Pyrotecnico FX

Let Three Fireworks Technicians Teach You About Blowing Stuff the Hell Up

by Luke O'Neil at Vice.com
POSTED ON JULY 24, 2015

Each year around the Fourth of July, Americans of all political persuasions set aside their differences and come together in celebration of one inalienable truth: Watching shit blow up in the sky is cool as hell. While fireworks displays have become an inextricable aspect of contemporary Americana, it's easy to overlook just how long they've been with us. The practice is, of course, a tradition that stretches all the way back to seventh-century China, which is appropriate, since the majority of the 17 million pounds of fireworks set off in July every year by professionals, and 170 million pounds by amateurs at home, are actually made in China. USA! USA!

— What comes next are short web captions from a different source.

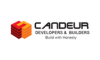 Builder 8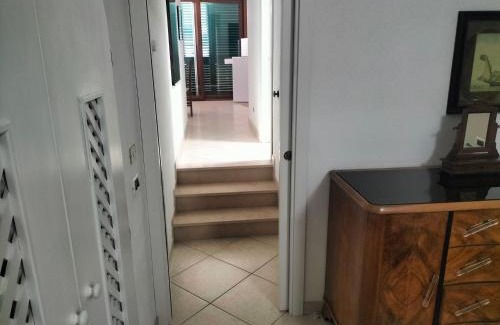 Succhivo Casa | Casa Franca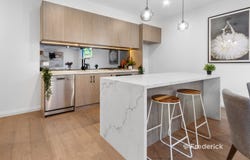 3/14 Bright Street, Camberwell, Vic 3124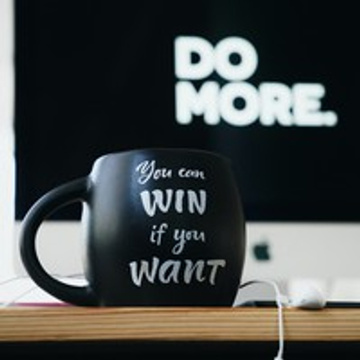 Human Resource Prep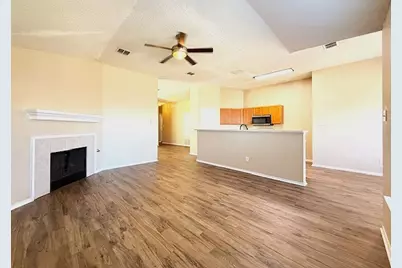 1107 Alexandria Drive, Forney, TX 75126 - Photo 13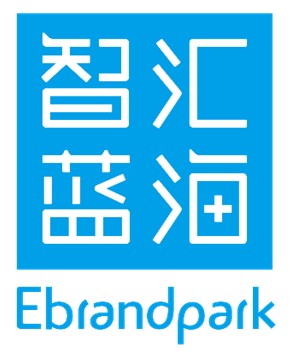 智汇蓝海互联网品牌孵化基地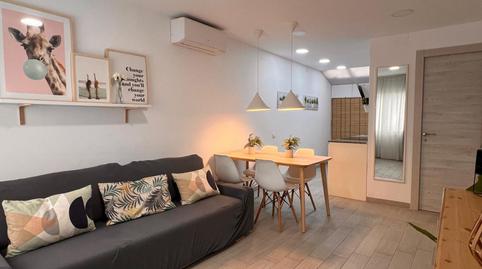 Foto 5 de Apartament en venda a De Cambrils, Barenys, Tarragona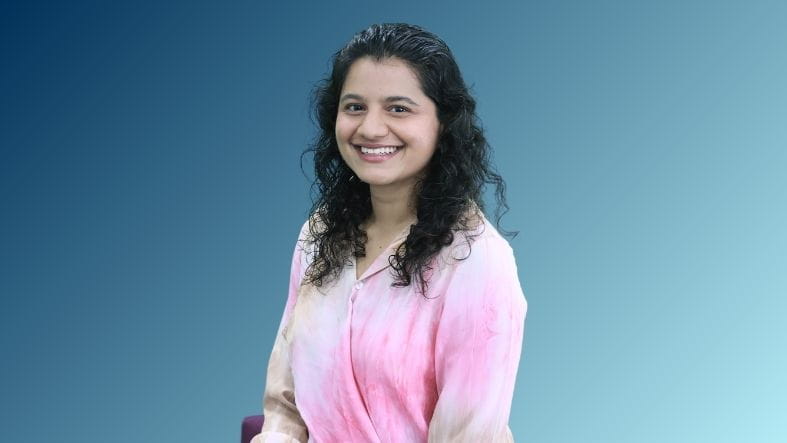 Angel Pawa - Angel-Pawa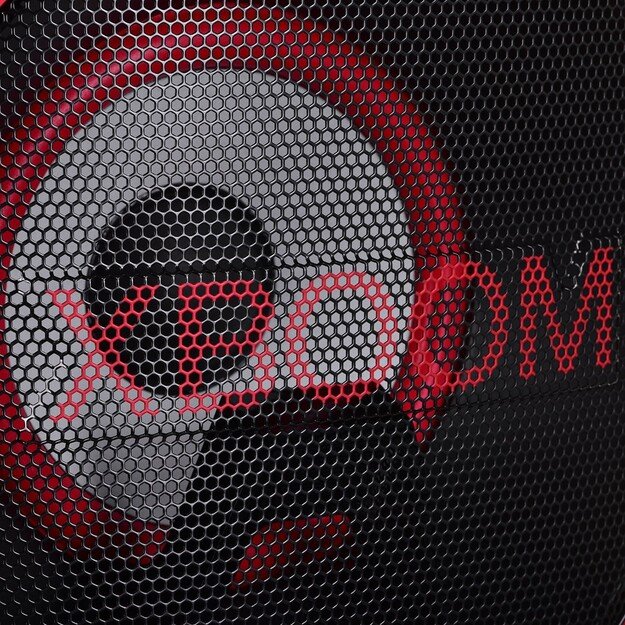 Garsiakalbis Poweraudio LG RNC5 19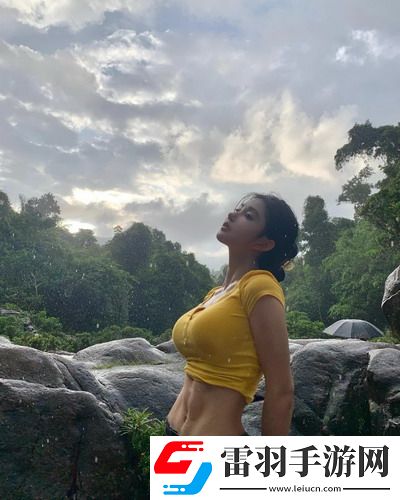皮克影视手机版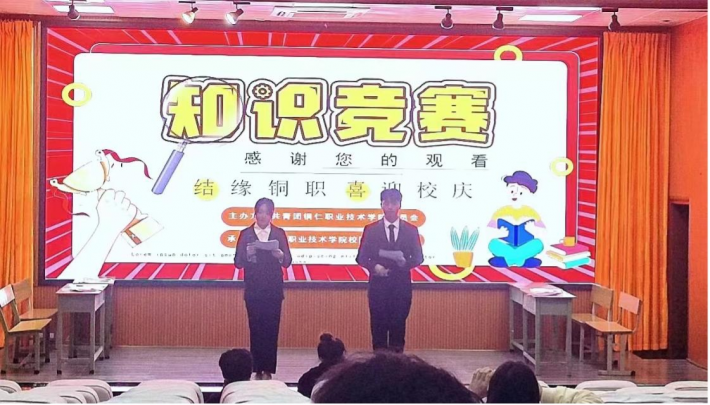 图片12.png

For all the wonder and spectacle that fireworks evoke, they're also a pretty efficient delivery system of another tried and true American pastime: fucking ourselves up. In 2013, for example, an estimated 11,400 people went to the hospital for fireworks-related injuries.

While there's certainly a thrill to setting off your own display in your backyard, and getting wasted and handling explosive devices that scare the shit out of your neighbors is undoubtedly a good idea, more often than not, as with many things, it's best to leave fireworks to the professionals. I asked a few of those professionals about what goes into becoming a fireworks pro. My panel included Mike Tockstein of Pyrotechnic Innovations, a California group that trains prospective pyrotechnicians, who's done shows for the Los Angeles Memorial Coliseum and New Year's Day at the Rose Bowl; Jonathan Gesse of Chicago's Melrose Pyrotechnics, the group behind the 2012 Super Bowl show; and Rocco Vitale of Pyrotecnico, one of the biggest operators in the country.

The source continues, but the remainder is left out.